When we give our kids directions we must give them time to pause and listen to that inner voice. After we have given an instruction they need to choose will I or wont I? It is as they ask that question themselves, as they pause and listen and then choose to act that they build the habit of listening to that inner voice.
It is this habit of listening to that inner voice that will give them the ability to do the right thing – regardless of where they are and who they are with and what they are doing.
Heart-focused Action Step
So where are your kids at with listening to their conscience, or listening to the Holy Spirit to help them make wise choices?
- Have you taught them about their conscience, and the Holy Spirit speaking to them?
- Do you give them the opportunity to think about their choices?
Admittedly it is much quicker to just demand instant obedience – things get done – but at what cost? At the cost of our children being able to listen to the voice in their heart.
It takes time to teach our kids to pause, listen, act from a voice not our own. Just like it took time to teach our children to obey our instructions, we have to also help them listen and obey that other voice as well.
When you see tension in their eyes – telling you they know what is right but they don’t want to do it – it is at this point you have to slow down, and point them to understanding what is going on.
You can say, “I can see that there is a struggle going on in your heart at the moment. You know what is the right thing to do – and your conscience is telling you that. And yet you want to do something else. This is where you have to pause, and decide what voice you are going to listen to.”
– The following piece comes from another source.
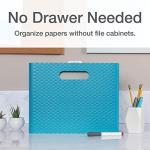 Pendaflex Mobile File Box with Handles, Portable Document Storage, File Bin for Home and Office, Easy Set Up, Collapse Down and Store Away, 13"W x 10"H x 6.5"D, Holds Letter Size Files, Teal (126120)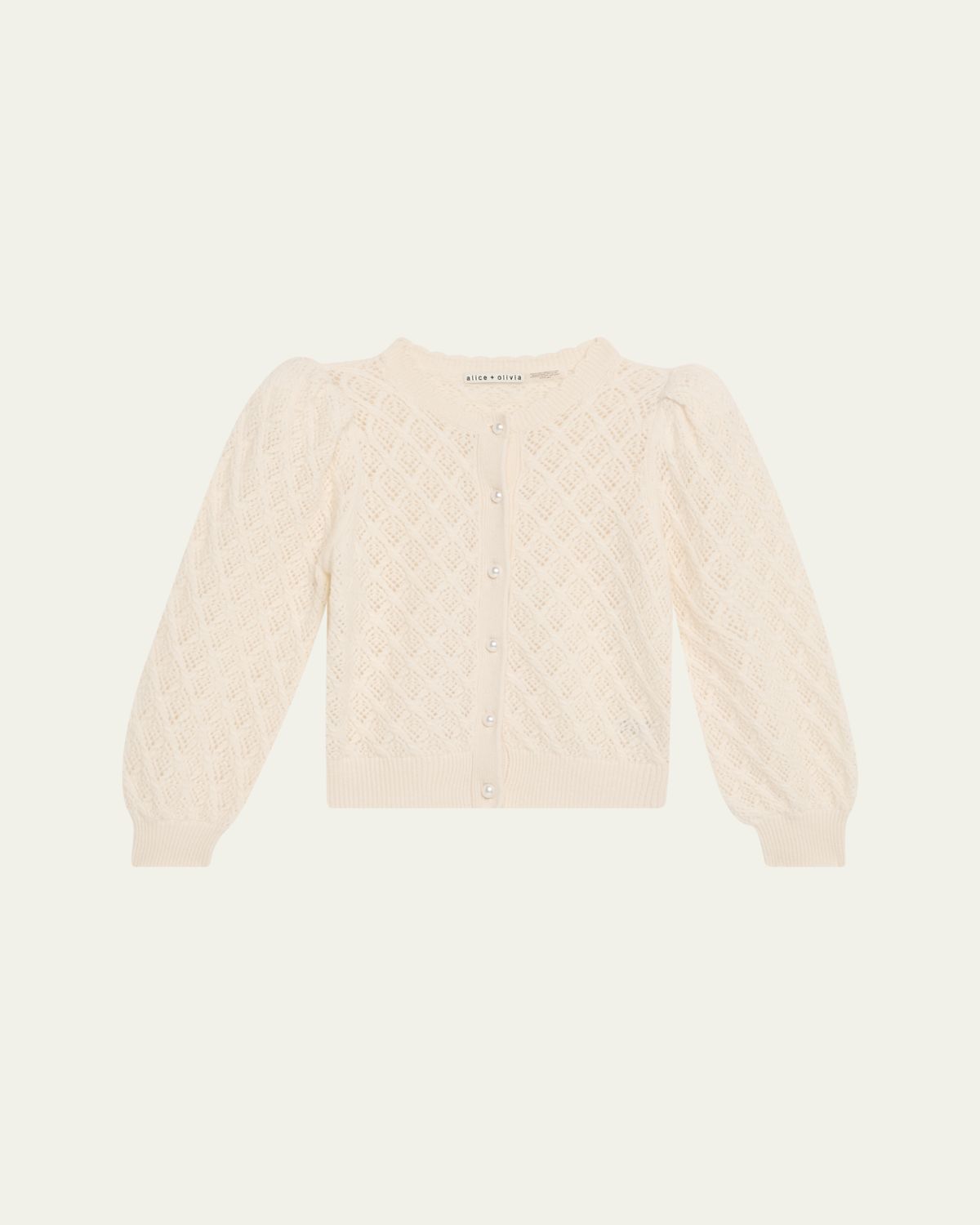 Alice + Olivia Doris Cashmere-Blend Puff-Sleeve Cardigan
Introduce your children to the idea that they have a inner voice helping them make choices.
If they choose wisely, you can point them to understanding that sense of relief and peace that is in their heart, as their conscience commends them for doing the right thing.
If they choose poorly, you will have to have a conversation about every choice having a consequence and let them walk through the relevant consequences. Wise choices we receive peace. Poor choices we receive pain.
Talking about these heart things to our kids is something that we will have to talk about over and over and over again. After all how many times has the Holy Spirit said – I was prompting you and you didn’t listen! We are still learning these things even now as adults – it will take our kids time to learn as well.
The greatest blessing you can give your children though is an understanding that they have the responsibility to listen to the promptings of their heart and make wise choices.
parenting takes heart-work

Find the words to talk about the Conscience
My mum used to talk about the little man sitting on my shoulder making me uncomfortable if I did something wrong, or was about to.
This was my conscience.
I define the conscience as the work of the heart telling me when my choices are about to go against what I believe is right.
We need to teach our children about their conscience.
We need to teach them to listen to it.
Self-reflection is a key Heart-based Skill
Encouraging a child to listen to their conscience involves asking open-ended and thought-provoking questions that prompt self-reflection and moral awareness.
By asking these questions, parents can guide their children in recognizing and listening to their conscience, nurturing their ability to make moral, ethical decisions independently. These conversations can also foster a deeper understanding of their values and the importance of doing what they believe is right.
Once our child has a relationship with Jesus then we need to teach them to listen to the voice of the Holy Spirit as well – as God calls all Christians to obey His voice.